Kinan's
"Jam berapa, ini?"
Aku terbangun kala suara alarm-yang pasti bukan milikku, sepertinya Aden-menyambut dengan nyaring. Kepalaku agak pening, suhu ruangan yang rendah juga menusuk kedalam rongga tubuhku menghantam dengan luar biasa. Dingin menyelinap tanpa permisi, membiarkan aku mengeratkan selimut pada tubuh yang terbuka sambil melirik Aden yang masih sibuk memejamkan matanya disamping. Menggerak-gerakkan tanganku keatas nakas disamping ranjang, ternyata handphone Aden ada di nakas sebelahnya. Pasrah, aku menunggu hingga alarm itu mati dengan mandiri. Sebenarnya aku tipe yang sangat mudah bangun jika sudah mendengar suara yang keras, contohnya alarm. Bahkan, karena suara-suara keras itu aku akhirnya nggak akan bisa tidur lagi.
Sambil memandangi langit kamar Aden, aku sejenak memikirkan kami semalam. Malu jika dibicarakan, tapi akibat inisiatifku yang kelewat mengide, akhirnya semua itu terlewat juga.
Benar-benar, aku nggak membayangkan jika Aden lah orangnya, orang yang pertama dalam hidupku.
Memutar tubuh sedikit ke kiri, kulihat Aden yang tidur menghadap padaku. Setelah semuanya selesai, kami tidur kearah kanan, dalam keadaan Aden yang memelukku. Sekarang, pelukan itu lepas, dan dengan damai Aden menikmati tidurnya. Belum genap satu hari menjadi istrinya, tapi aku sudah merasa malu untuk menatap Aden pagi nanti. Entahlah, antara malu dan sulit menghilangkan bayangan tentang kami, aku hanya ingin kabur dari hadapan Aden.
Persis remaja yang takut bertemu pujaan hatinya.
Nggak tahu berapa lama aku akan mendapatkan keyakinan untuk menyudahi perkara tiga bulan kami, tapi kalau semua yang Aden usahakan selalu dengan hal seperti semalam, kayaknya nggak lama lagi aku benar-benar akan jatuh cinta padanya.

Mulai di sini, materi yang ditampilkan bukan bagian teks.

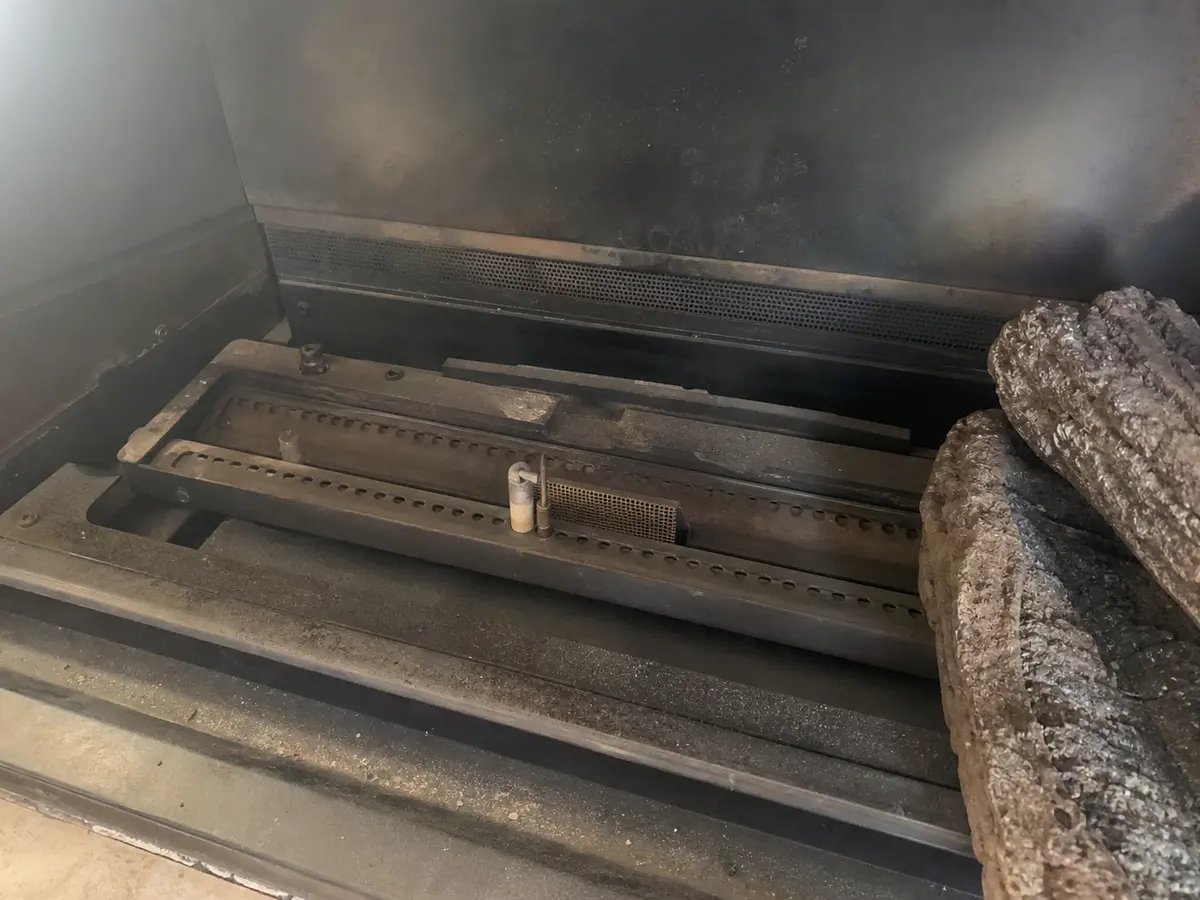 Gas Fireplace Repair in San Diego, CA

Aden itu lucu, dia nggak semengerikan yang aku bayangkan sebagai sosok pengantin perempuan yang awam-bukan berarti aku nggak paham-tapi dia cukup gentle dan memperlakukanku dengan baik.
Seperti bayanganku, Aden paham semuanya, tapi dia juga tahu jika aku dan dirinya bukan seperti pasangan menikah kebayanyakan. Kami perlu pembiasaan lebih agar rileks dan santai sehingga dia nggak banyak meminta, dia puas dengan apa yang sudah ia dapatkan tanpa menuntut 'lagi.'
Pasti dia nggak mau memberi kesan buruk, atau takutnya aku akan ilfeel dan membuatnya rugi sendiri. Tentunya karena harapan kami sama, tujuan kami juga sama. Agar bisa berlangsung selamanya dan mengubah pandanganku yang terlalu kaku.
Sejujurnya salah satu aku menerima Aden, ya karena tawaran tiga bulan itu. Aku punya sedikit ketakutan dalam kegagalan cinta dimasa lalu, aku juga sedikit risau dengan mindset 'istri yang nggak bekerja, adalah beban suami.' Padahal, jika aku nggak menutup mata dan memahami sebenarnya esensi pernikahan itu seperti apa, ibu bekerja atau hanya di rumah pun sama mulianya. Tetap kembali pada bagaimana dirinya bisa menyeimbangkan antara keluarga dan kesibukan.
Sayangnya, aku bebal. Aku masih menyimpan sedikit trauma, apalagi sekarang bapak sakit dan bayangan soal biaya itu sangat aku pertimbangkan dengan baik.
Tapi ... Aku juga nggak bisa egois jika harus memaksa Aden ikut denganku dan meninggalkan bisnisnya disini.
Dilema, kan? Mangkanya, aku memilih opsi yang Aden tawarkan.
Walau sekarang aku luar biasa ragu, karena jika sudah terikat sejauh ini, bagaimana aku bisa pergi begitu aja melupakan semuanya, kan?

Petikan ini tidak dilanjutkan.